- Opening Delimiter -

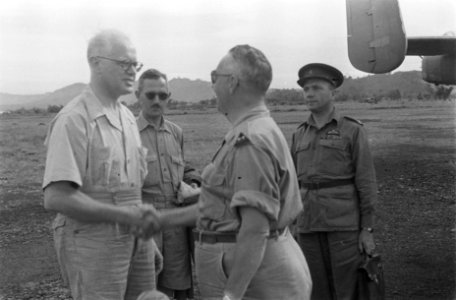 Dr. C.P.M. Romme in licht overhemd, schudt op een vliegveld de hand van een lui…, Bestanddeelnr 138-3-6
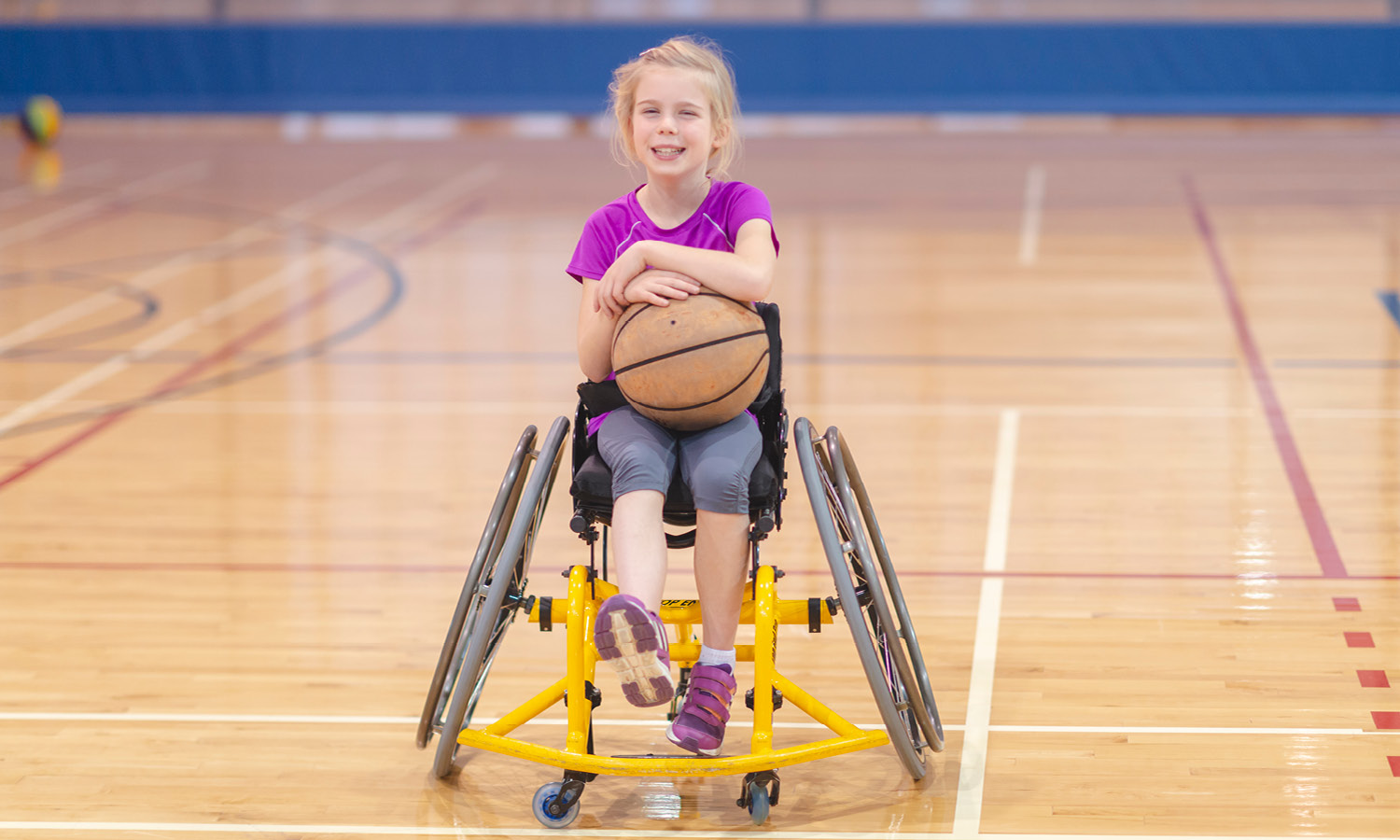 Young girl in wheelchair holding basketball on the basketball court.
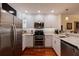 Modern kitchen with stainless steel appliances and granite countertops at 262 Madeira Cir, Tierra Verde, FL 33715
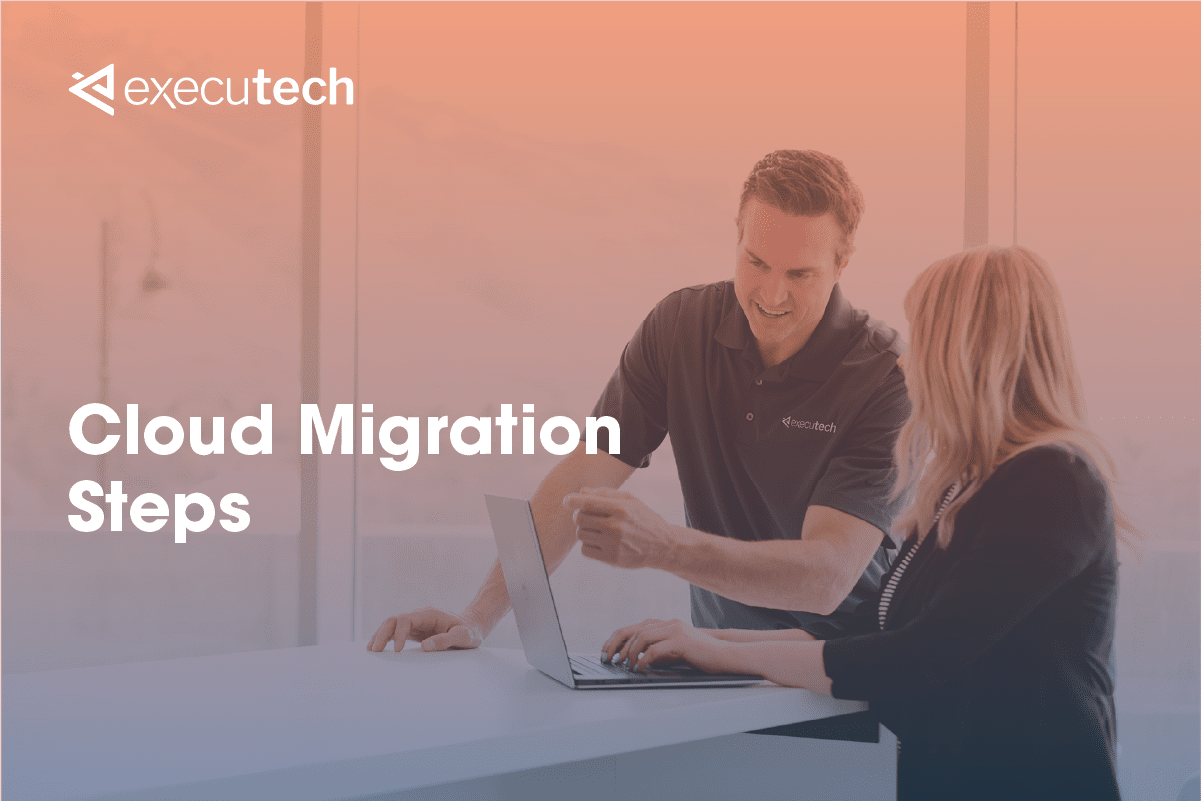 Male technician helping a woman with her computer in an office setting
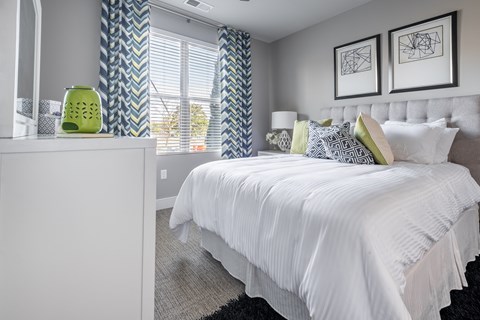 A bedroom with a white bed and a green vase on a nightstand.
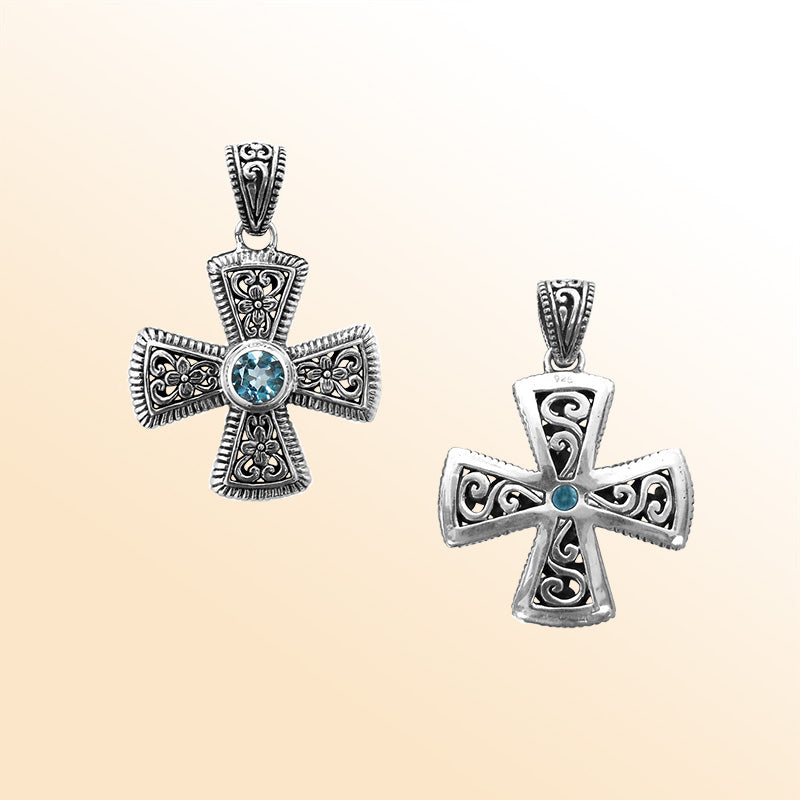 Sterling silver cross pendant with Blue Topaz gemstone – handcrafted Bali jewelry symbolizing faith, elegance, and timeless style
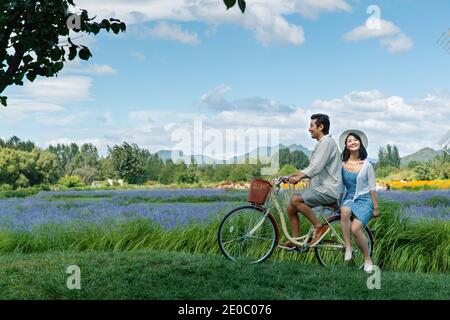 Young couples in the suburbs to ride a bicycle Stock Photo
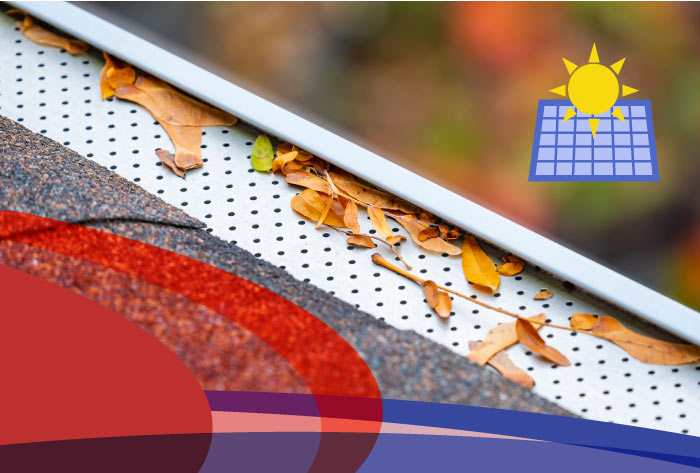 Micro-mesh style gutter guard with dry autumn leaves lying on top of the screen, successfully preventing debris from clogging the gutter trough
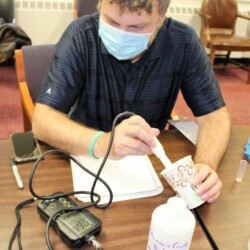 White male adult with notebook sitting at table, inserting a probe into a coffee cup. Probe is attached to cord and electronic/digital device.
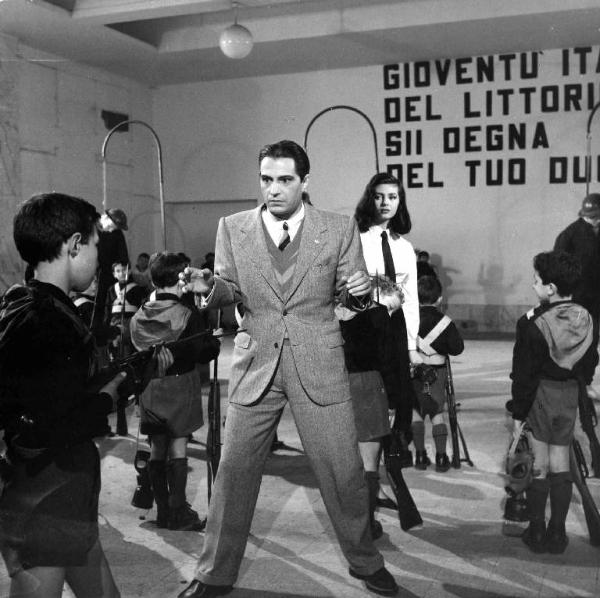 Scena del film "Anni ruggenti" - Regia Luigi Zampa - 1962 - L'attore Nino Manfredi ciscondato da bambini armati di fucile in divisa fascista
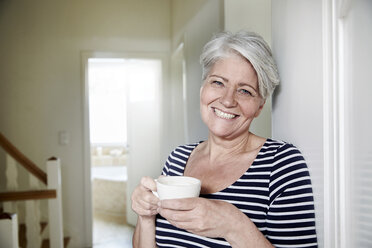 Porträt einer lächelnden Frau mit einer Tasse Kaffee zu Hause - FMKF002724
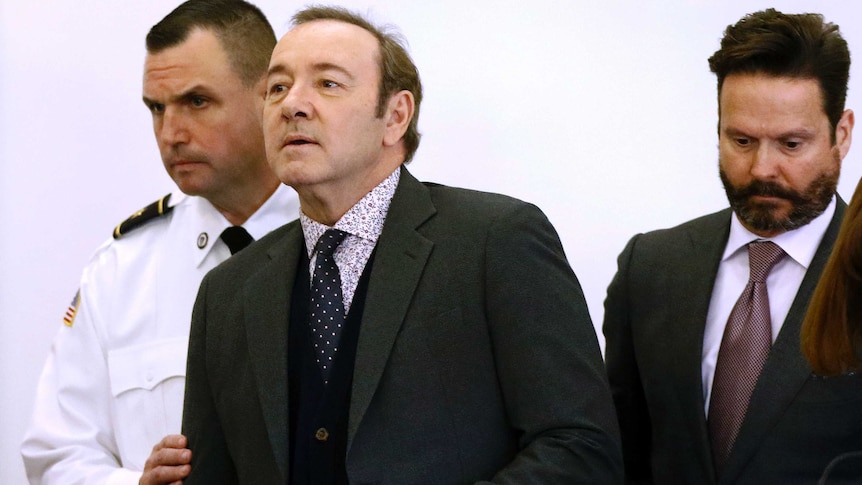 Actor Kevin Spacey enters the courtroom accompanied by a uniformed guard.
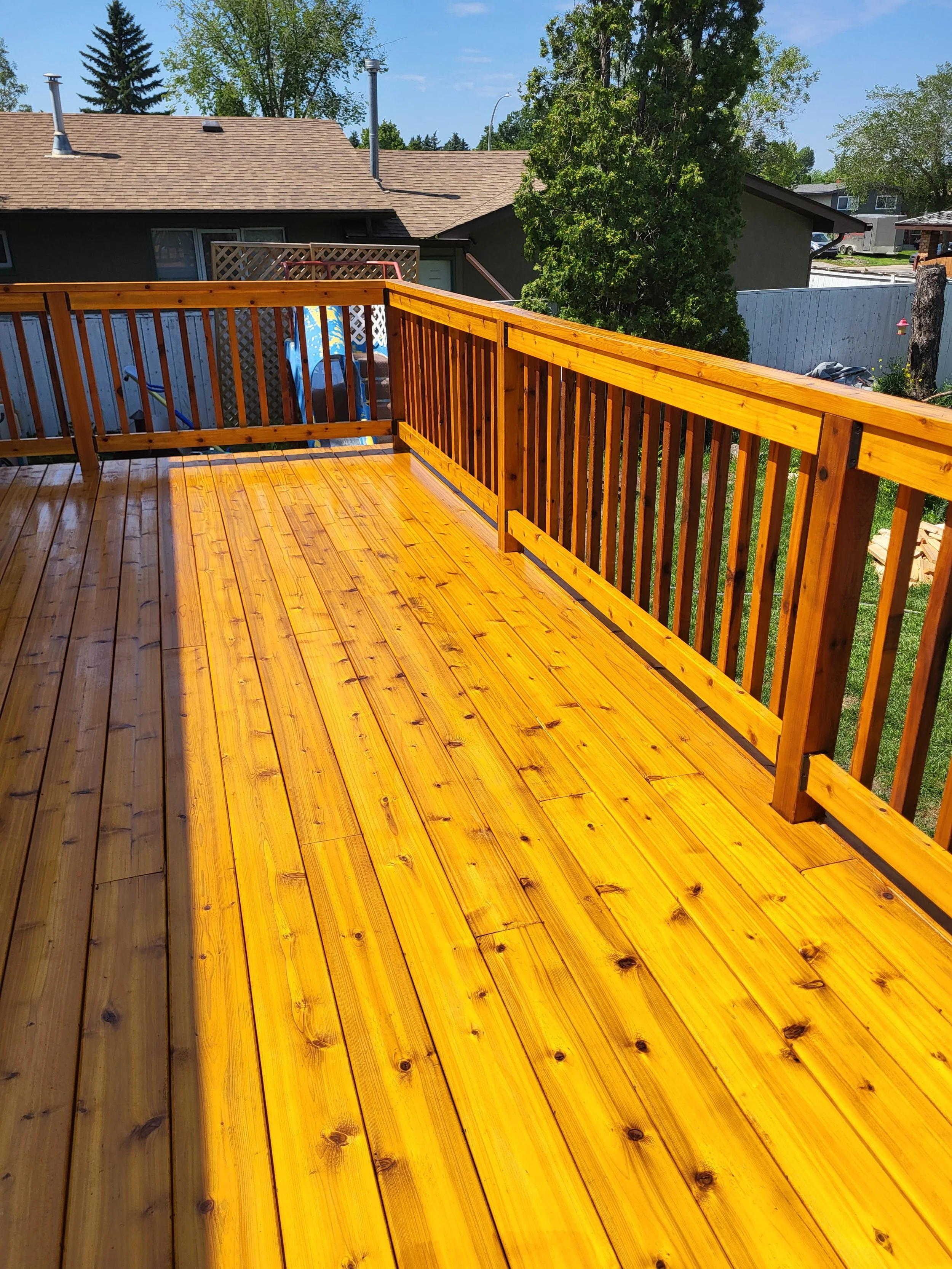 Hand finished outdoor carpentry. A beautiful cedar deck shining in the sun with Sikkens Prolux Finish.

- Closing Delimiter -

-- WORK TASK --
Restate each line of the material word for word, skipping any picture.

-- PROBLEM SOLUTION --
 Dr. C.P.M. Romme in licht overhemd, schudt op een vliegveld de hand van een lui…, Bestanddeelnr 138-3-6
 Young girl in wheelchair holding basketball on the basketball court.
 Modern kitchen with stainless steel appliances and granite countertops at 262 Madeira Cir, Tierra Verde, FL 33715
 Male technician helping a woman with her computer in an office setting
 A bedroom with a white bed and a green vase on a nightstand.
 Sterling silver cross pendant with Blue Topaz gemstone – handcrafted Bali jewelry symbolizing faith, elegance, and timeless style
 Young couples in the suburbs to ride a bicycle Stock Photo
 Micro-mesh style gutter guard with dry autumn leaves lying on top of the screen, successfully preventing debris from clogging the gutter trough
 White male adult with notebook sitting at table, inserting a probe into a coffee cup. Probe is attached to cord and electronic/digital device.
 Scena del film "Anni ruggenti" - Regia Luigi Zampa - 1962 - L'attore Nino Manfredi ciscondato da bambini armati di fucile in divisa fascista
 Porträt einer lächelnden Frau mit einer Tasse Kaffee zu Hause - FMKF002724
 Actor Kevin Spacey enters the courtroom accompanied by a uniformed guard.
 Hand finished outdoor carpentry. A beautiful cedar deck shining in the sun with Sikkens Prolux Finish.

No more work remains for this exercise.